Kevin thought about leaving, he wanted to be alone. He even reached for the till receipt so he could pay and go. But something stopped him. Maybe it was her manner, she did not sound like the kind of woman who took no for an answer. Maybe it was simply her presence? There was something calming about it, something reassuringly decisive and parental. Kevin left the receipt and lifted his glass instead.

His hand was shaking. What the fuck was going on?

‘I don’t try to pick you up darling,’ she said. ‘Wrong age for you am I?’ It sounded like an insult.
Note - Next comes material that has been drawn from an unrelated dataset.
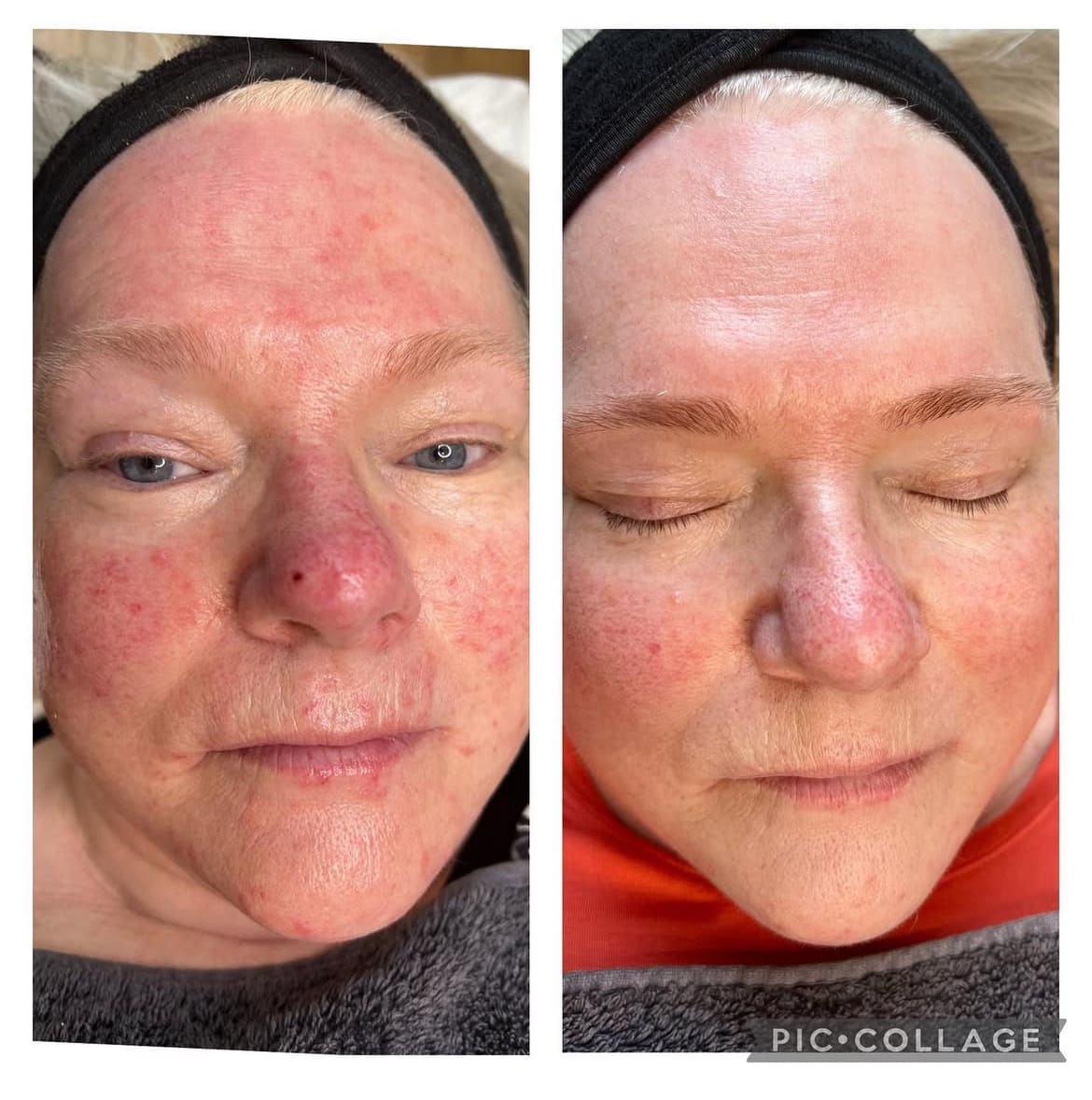 Million Dollar Facial Results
It had meant to be a joke. Luckily the woman laughed. ‘Wrong gender dear.’

Oh great. Now he had fallen in among German lesbians. He looked over his shoulder. The guys in the bar were ignoring him. But he now noticed that they were wearing leather over their jeans. They looked like construction workers; checked shirts, thick shoulders, heavy bodies, huge moustaches. All of them.

Kevin turned back to her and shrugged. He did not know what to say. ‘You are like one of my boys,’ the woman said. ‘I like you. If you want to…’

She broke off and looked up to the street, across the square and above. A siren wailed loudly and a blue light flashed quickly past, distracting her for a while. Kevin glanced up, saw the ambulance tear past and looked down. By then she was looking at him intently again.

‘If you want to talk, talk,’ she continued when the noise had gone. ‘If you don’t, don’t. My name is Ute but my boys all call me Doris. Why is a mystery to me. So, are you talking?’

Kevin did not want to talk. He did not want to tell a stranger, an older female stranger, what was on his mind. He wanted to go home to bed, sleep and wake up in the morning being Kev again. Hanging out with his best mate, searching for girls, getting pissed, having a laugh. He wanted everything to be normal. He did not want to tell her anything.

But he told her everything.

And she listened as he poured it out: the guys in the dunes grabbing him, the young redhead lad coming to help him, the way he had spoken to him, how it had made him feel, what had happened afterwards and how his best mate had caught him. The fight, the argument and the storming out. He left out only the intimate details and how he felt about it all. He just gave her facts.

Telling her, hearing himself speak the series of events, helped him exorcise his mind and when he had finished he somehow felt clean, washed. It was out in the open. Now he could decide what to do next.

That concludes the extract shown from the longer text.